Both sides gear up for fight on income tax repeal
STEVE LEBLANC | 8/20/2008, 5:07 a.m.
Supporters and opponents of the ballot question regarding the elimination of the statewide income tax are gearing up for a fight for votes this fall, raising money and rounding up volunteers.
While neither side will say how much money they’ve raised or spent so far this year — they’ll have to disclose both early next month — both campaigns say they’re confident they’ll have enough to make their case to the public.

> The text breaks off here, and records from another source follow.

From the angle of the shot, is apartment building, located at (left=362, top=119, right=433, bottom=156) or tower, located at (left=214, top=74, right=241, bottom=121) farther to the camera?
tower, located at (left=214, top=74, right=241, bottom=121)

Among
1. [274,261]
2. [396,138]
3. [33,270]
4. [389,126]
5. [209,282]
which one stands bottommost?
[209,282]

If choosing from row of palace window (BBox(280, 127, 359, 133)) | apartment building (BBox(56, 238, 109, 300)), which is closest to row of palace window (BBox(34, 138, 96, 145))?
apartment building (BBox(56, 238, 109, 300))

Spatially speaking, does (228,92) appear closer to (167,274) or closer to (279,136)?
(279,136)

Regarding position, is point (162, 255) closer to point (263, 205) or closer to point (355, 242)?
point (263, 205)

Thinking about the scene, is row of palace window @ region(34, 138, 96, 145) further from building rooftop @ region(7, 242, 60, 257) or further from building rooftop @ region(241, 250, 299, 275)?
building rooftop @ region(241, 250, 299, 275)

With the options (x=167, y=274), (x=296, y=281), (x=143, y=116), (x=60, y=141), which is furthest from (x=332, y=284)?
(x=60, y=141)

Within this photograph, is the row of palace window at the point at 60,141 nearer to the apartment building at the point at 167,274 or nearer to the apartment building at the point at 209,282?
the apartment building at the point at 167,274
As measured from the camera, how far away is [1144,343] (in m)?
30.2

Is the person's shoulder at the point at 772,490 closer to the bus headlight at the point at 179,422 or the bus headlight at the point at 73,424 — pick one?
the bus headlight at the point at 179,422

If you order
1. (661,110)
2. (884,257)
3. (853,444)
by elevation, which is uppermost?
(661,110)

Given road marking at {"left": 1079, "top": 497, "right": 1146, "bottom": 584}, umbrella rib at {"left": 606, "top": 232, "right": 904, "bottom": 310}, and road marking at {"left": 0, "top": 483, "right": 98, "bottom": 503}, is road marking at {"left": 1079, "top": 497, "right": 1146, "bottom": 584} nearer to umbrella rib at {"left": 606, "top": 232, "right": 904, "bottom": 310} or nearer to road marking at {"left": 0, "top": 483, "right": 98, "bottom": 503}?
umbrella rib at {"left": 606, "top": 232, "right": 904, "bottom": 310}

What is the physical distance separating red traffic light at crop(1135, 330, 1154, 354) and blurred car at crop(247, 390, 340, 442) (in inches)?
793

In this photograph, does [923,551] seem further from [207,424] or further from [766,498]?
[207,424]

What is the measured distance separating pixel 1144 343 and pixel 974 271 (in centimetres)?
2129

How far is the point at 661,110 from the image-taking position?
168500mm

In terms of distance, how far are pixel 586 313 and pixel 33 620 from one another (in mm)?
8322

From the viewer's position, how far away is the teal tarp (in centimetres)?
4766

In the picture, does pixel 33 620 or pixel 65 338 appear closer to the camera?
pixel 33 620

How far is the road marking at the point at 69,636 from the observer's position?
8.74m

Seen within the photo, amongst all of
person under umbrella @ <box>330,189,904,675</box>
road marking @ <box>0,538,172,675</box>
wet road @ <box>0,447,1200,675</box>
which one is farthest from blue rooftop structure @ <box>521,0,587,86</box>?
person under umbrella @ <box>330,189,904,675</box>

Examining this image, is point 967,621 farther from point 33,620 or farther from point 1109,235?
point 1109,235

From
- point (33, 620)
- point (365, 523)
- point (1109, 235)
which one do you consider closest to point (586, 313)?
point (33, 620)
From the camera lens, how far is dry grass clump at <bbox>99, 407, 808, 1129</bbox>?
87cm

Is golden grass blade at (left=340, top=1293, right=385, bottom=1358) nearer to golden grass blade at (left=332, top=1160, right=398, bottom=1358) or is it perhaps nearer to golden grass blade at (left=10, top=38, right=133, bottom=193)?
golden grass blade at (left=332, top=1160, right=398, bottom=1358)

“We will have what we believe is necessary to defeat this reckless proposal,” said Steve Crawford, a chief strategist for Gov. Deval Patrick and spokesman for the Boston Teachers Union. Crawford is helping organize the opposition to the question.

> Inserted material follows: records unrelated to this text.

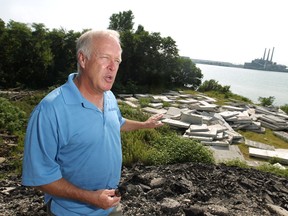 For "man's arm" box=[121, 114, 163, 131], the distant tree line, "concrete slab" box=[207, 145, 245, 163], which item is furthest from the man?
the distant tree line

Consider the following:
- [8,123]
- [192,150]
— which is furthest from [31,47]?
[192,150]

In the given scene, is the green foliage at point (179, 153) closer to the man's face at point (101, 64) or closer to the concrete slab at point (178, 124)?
the concrete slab at point (178, 124)

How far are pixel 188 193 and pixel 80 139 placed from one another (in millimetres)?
3352

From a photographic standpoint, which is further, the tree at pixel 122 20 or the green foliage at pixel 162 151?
the tree at pixel 122 20

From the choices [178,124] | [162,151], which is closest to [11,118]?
[162,151]

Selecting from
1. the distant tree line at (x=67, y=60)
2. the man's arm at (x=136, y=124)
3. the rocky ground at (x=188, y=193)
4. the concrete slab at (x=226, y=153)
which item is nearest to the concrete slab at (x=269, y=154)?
the concrete slab at (x=226, y=153)

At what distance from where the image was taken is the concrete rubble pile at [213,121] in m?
8.89

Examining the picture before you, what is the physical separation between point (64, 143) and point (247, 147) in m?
8.12

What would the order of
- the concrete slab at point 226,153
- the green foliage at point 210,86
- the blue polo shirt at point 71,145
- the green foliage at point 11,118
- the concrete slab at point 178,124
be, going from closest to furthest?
the blue polo shirt at point 71,145 < the concrete slab at point 226,153 < the green foliage at point 11,118 < the concrete slab at point 178,124 < the green foliage at point 210,86

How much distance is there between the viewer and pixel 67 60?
15758mm

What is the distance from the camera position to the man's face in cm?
189

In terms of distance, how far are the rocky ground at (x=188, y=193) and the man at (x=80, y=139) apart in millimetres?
2179

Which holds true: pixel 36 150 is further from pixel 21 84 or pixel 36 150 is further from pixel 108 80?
pixel 21 84

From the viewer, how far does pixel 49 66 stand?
15.2m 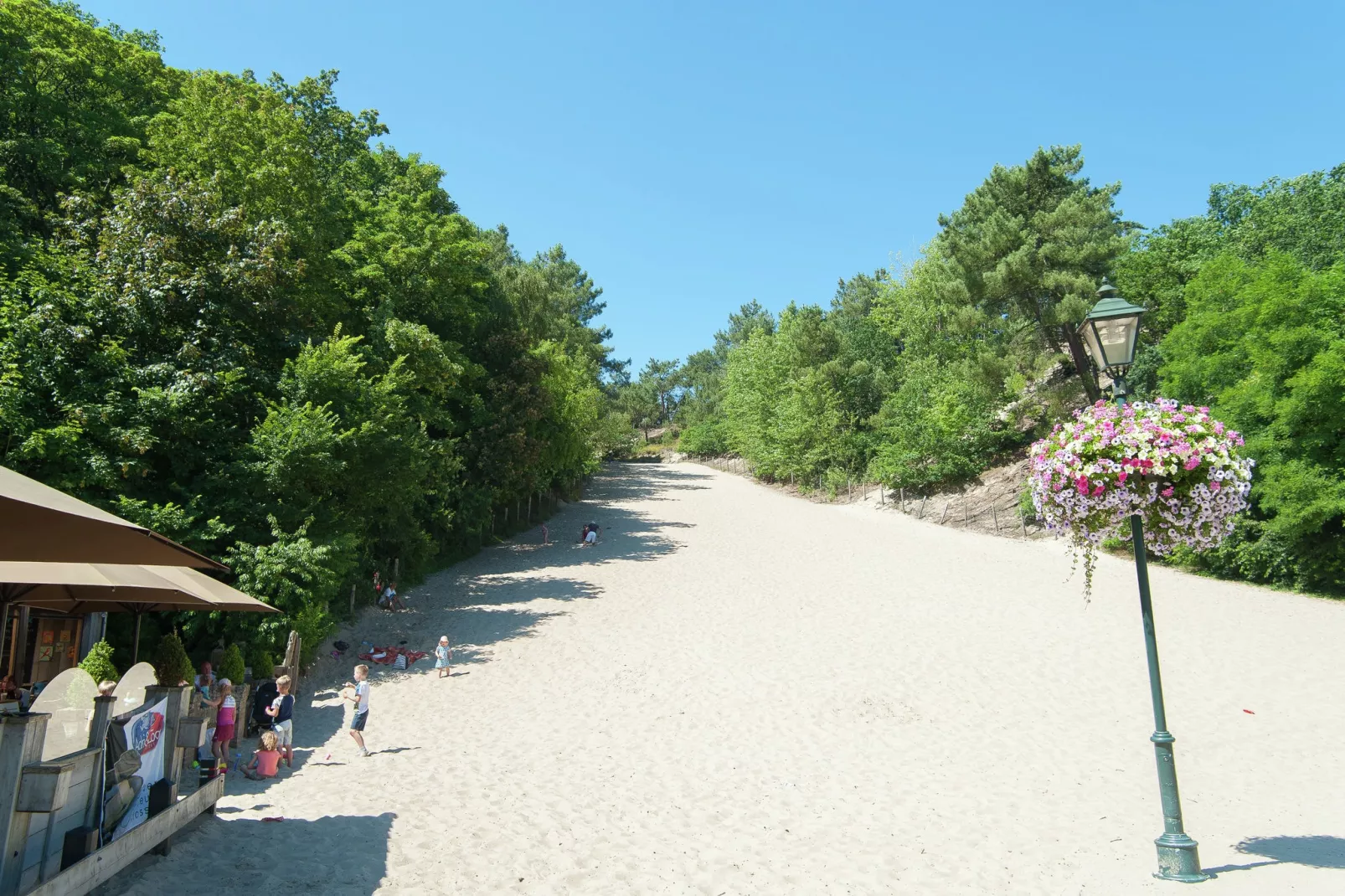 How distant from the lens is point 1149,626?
23.5 feet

Crawford says opponents don’t plan to make the same mistake they did six years ago when the question was first placed on the ballot. Back then, critics largely ignored the question, which was defeated by a narrow margin.
This time a coalition of unions, businesses, and civic groups are planning a full-on campaign against the measure.
“People have learned their lesson from the last time,” Crawford said. “We understand that people are frustrated with the economy, frustrated with the situation with foreclosures and the price of gasoline. We are concerned that that frustration might be reflected at the ballot box.”
Supporters of the question are also aware that times have changed since 2002.
They hope the state’s squishy economy, rising energy costs and lingering jitters over the foreclosure crisis — combined with overall skepticism about state government — will provide fertile territory for a voter revolt.
Carla Howell, chairwoman of the Committee For Small Government, wouldn’t say how much money the group has on hand to push the initiative, but said they’ll be able to make their case, although she said she expects to be outspent.
“People are hurting in this state. The economy is still in rough shape and that is going to motivate people to vote yes on Question One,” she said. “Clearly our opposition is going to outspend us considerably. We are hoping to raise as much as we can.”
The committee raised just over $203,000 during 2007 to help gather enough signatures to secure a slot on the November ballot.
An Associated Press review of campaign finance reports filed with the state found the group relied heavily on out-of-state donors. Of the $192,000 in itemized donations to the campaign, about $133,000, or 69 percent came from outside Massachusetts.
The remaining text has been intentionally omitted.